Compatible with Keycloak 25.0.x+ Quarkus based.

Keycloak User Storage SPI for Relational Databases (Keycloak User Federation, supports postgresql, mysql, oracle and mssql).

  • Keycloak User federation provider with SQL
  • Keycloak User federation using existing database
  • Keycloak database user provider
  • Keycloak MSSQL Database Integration
  • Keycloak SQL Server Database Integration
  • Keycloak Oracle Database Integration
  • Keycloak Postgres Database Integration
  • Keycloak blowfish bcrypt support

Requirements

  • Keycloak 25.0.x
  • Docker 4.10+
  • OpenJDK 17+
  • Maven 3.8.7+

Usage

  1. Log into Keycloak's admin console
  2. Add a new User Federation Provider; choose sql-db-user-provider from the list
  3. Adjust the configuration as required (see configuration sample below)
  4. If everything works properly, you can lookup for users from your external user database provided by the plugin.

Configuration

Sample Settings

Console display name

sql-db-user-provider

Connection String (example)

jdbc:sqlserver://192.168.1.89;databaseName=TestDB;trustServerCertificate=true

JDBC connection user

middleware

RDBMS

MS SQL Server (JDBC)

User count SQL query

select count(*) from userLogin

List all users SQL query

select guiKundenId as id, kd.strKundenkuerzel as username, strEmail as email, name as lastName, Vorname as firstName from userLogin kd join customer k on kd.strKundenkuerzel = k.strKundenkuerzel

Find user by ID SQL query

select guiKundenId as id, kd.strKundenkuerzel as username, strEmail as email, name as lastName, Vorname as firstName, v.locale from userLogin kd join customer k on kd.strKundenkuerzel = k.strKundenkuerzel join (values (0, 'de'), (1, 'en'), (2, 'fr')) v(id, locale) on k.lngSpracheId = v.id where guiKundenId = ?

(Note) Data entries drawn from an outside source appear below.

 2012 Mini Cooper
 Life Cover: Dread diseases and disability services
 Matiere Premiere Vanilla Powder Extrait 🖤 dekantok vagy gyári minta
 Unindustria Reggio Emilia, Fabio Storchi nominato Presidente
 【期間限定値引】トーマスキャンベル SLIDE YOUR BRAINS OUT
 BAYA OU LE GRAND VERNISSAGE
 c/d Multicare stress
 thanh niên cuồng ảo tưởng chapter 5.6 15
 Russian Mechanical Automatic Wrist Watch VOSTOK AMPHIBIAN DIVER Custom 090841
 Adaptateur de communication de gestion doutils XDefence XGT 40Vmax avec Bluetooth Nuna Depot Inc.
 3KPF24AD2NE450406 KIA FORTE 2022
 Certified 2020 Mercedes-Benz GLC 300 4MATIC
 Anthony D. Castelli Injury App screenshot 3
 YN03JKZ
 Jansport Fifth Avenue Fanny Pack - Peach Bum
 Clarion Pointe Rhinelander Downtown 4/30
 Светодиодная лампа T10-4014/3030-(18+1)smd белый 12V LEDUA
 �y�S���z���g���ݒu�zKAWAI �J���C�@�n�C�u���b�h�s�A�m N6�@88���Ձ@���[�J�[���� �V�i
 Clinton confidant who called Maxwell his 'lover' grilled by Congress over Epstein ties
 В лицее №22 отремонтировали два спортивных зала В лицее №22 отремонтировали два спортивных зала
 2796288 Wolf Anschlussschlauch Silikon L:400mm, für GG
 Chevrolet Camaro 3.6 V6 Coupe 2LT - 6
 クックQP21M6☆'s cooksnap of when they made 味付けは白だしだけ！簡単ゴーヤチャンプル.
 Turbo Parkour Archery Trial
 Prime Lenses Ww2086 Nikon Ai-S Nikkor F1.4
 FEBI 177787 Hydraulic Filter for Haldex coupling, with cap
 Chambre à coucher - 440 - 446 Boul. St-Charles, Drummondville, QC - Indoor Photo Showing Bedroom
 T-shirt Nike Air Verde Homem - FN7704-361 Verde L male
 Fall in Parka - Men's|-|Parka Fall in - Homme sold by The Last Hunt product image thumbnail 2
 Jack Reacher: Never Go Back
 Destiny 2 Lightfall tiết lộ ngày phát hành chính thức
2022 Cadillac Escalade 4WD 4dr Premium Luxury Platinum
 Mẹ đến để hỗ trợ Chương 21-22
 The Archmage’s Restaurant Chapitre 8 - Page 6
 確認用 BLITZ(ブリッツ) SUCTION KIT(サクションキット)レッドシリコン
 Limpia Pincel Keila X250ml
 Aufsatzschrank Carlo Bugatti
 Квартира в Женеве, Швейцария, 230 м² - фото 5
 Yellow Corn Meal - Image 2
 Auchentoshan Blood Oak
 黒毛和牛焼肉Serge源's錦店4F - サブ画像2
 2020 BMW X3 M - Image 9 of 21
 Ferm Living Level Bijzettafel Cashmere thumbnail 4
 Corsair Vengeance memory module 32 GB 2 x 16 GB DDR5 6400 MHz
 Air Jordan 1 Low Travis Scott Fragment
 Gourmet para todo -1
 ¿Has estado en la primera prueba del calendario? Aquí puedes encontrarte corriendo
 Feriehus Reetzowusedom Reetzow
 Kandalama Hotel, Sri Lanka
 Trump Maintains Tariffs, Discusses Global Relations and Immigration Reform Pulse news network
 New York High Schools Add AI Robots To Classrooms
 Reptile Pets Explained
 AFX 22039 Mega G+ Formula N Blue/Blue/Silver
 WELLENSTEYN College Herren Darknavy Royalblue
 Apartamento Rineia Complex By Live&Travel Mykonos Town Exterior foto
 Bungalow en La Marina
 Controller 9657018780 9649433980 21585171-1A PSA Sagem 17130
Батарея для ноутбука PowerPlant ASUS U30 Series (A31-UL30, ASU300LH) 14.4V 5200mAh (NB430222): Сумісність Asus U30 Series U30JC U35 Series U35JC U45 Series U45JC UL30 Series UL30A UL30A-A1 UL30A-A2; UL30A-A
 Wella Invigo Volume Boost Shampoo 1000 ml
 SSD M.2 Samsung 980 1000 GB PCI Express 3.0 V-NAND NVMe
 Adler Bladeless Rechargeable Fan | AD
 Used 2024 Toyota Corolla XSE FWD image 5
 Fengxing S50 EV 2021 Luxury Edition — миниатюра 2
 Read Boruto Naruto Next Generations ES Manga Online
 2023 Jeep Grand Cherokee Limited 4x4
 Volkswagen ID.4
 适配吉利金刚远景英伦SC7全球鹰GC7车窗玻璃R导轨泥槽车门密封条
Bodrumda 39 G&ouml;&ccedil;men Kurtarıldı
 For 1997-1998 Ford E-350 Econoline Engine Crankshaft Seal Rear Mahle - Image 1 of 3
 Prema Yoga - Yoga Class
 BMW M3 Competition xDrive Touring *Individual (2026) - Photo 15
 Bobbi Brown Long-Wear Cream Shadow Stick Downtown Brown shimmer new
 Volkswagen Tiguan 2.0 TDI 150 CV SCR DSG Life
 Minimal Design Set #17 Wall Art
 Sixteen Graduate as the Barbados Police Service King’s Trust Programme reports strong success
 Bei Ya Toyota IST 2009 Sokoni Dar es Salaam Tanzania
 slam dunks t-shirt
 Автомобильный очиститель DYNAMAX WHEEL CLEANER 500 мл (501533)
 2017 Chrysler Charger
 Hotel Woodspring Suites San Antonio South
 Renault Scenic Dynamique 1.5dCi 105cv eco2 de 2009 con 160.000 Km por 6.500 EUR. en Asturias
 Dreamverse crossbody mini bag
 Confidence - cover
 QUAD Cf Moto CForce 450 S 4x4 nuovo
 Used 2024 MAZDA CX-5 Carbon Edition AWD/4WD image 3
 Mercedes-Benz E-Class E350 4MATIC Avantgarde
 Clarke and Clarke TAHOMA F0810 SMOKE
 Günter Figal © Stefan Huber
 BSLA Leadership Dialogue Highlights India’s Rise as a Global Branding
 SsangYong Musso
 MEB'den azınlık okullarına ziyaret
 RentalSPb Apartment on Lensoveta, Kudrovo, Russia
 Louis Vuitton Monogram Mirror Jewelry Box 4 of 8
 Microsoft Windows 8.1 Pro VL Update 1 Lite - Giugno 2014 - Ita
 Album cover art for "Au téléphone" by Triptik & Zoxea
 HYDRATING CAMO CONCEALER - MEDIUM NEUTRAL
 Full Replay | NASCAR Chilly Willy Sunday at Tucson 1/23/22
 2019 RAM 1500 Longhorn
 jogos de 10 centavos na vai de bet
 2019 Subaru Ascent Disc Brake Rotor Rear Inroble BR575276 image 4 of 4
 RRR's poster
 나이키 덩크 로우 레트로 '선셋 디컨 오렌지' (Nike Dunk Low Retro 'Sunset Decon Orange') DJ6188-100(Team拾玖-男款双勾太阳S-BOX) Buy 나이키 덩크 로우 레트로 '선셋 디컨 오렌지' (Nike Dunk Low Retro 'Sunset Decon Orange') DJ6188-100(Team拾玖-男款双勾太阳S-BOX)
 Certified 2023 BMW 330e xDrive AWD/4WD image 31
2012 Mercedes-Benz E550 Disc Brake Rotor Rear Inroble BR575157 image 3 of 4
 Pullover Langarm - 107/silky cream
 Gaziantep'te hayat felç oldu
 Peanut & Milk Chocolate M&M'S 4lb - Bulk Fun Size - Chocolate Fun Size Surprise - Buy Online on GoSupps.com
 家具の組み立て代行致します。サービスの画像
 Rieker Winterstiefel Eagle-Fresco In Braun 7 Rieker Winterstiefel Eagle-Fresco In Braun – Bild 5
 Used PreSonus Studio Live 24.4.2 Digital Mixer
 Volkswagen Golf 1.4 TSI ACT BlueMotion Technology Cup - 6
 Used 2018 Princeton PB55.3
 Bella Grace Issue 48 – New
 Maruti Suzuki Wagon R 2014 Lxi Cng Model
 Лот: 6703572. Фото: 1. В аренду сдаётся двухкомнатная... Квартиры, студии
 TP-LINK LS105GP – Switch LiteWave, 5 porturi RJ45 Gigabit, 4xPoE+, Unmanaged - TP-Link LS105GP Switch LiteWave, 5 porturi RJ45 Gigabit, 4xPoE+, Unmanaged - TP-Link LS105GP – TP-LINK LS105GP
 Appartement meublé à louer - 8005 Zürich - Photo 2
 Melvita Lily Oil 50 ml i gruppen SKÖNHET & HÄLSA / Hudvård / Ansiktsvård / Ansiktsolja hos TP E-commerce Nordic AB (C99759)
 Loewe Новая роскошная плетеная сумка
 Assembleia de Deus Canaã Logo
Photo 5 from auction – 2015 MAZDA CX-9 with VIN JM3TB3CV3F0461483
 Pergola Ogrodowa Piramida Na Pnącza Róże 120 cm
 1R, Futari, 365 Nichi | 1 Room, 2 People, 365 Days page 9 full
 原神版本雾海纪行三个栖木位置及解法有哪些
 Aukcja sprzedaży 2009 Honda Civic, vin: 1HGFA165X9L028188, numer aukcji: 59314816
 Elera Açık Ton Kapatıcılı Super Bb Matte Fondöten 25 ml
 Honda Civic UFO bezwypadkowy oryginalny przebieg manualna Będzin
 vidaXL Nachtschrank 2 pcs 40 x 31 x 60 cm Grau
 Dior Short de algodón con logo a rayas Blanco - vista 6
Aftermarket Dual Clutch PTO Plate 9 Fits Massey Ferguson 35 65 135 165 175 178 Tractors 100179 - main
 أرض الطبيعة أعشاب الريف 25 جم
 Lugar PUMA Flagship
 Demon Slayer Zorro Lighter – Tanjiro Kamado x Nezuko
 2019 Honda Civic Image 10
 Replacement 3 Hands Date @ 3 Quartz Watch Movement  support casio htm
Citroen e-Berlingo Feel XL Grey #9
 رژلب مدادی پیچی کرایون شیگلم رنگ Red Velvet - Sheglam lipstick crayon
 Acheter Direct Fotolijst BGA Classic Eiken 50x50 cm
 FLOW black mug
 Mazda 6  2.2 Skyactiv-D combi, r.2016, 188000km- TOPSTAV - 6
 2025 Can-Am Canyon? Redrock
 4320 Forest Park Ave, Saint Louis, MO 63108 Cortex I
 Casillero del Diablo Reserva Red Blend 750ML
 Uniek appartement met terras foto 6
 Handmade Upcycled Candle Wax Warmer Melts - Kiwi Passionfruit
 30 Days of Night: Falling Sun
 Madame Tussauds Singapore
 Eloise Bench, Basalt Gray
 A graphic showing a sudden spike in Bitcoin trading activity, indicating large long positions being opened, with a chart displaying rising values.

Find user by username or email SQL query

select guiKundenId as id, kd.strKundenkuerzel as username, strEmail as email, name as lastName, vorname as firstName, v.locale from userLogin kd join customer k on kd.strKundenkuerzel = k.strKundenkuerzel join (values (0, 'de'), (1, 'en'), (2, 'fr')) v(id, locale) on k.lngSpracheId = v.id cross join (select ? as login_name) const where kd.strKundenkuerzel = login_name or k.strEmail = login_name

Find user by username SQL query

select guiKundenId as id, kd.strKundenkuerzel as username, strEmail as email, name as lastName, vorname as firstName, v.locale from userLogin kd join customer k on kd.strKundenkuerzel = k.strKundenkuerzel join (values (0, 'de'), (1, 'en'), (2, 'fr')) v(id, locale) on k.lngSpracheId = v.id where kd.strKundenkuerzel = ?

Find user by search term SQL query

select guiKundenId as id, kd.strKundenkuerzel as username, strEmail as email, name as lastName, vorname as firstName, v.locale from userLogin kd join customer k on kd.strKundenkuerzel = k.strKundenkuerzel join (values (0, 'de'), (1, 'en'), (2, 'fr')) v(id, locale) on k.lngSpracheId = v.id cross join (select ? as login_name) const where kd.strKundenkuerzel = login_name or name = login_name or strEmail = login_name

Update user credentials

update userLogin set hash = ?, salt = ? where strKundenKuerzel = ?

Update user email address

update customer set strEmail = ? where strKundenKuerzel = ?

Find password hash for username or email SQL query

select hash, salt from userLogin kd join customer k on kd.strKundenkuerzel = k.strKundenkuerzel cross join (select ? as login_name) const where kd.strKundenkuerzel = login_name or strEmail = login_name

Find password hash SQL query (username only)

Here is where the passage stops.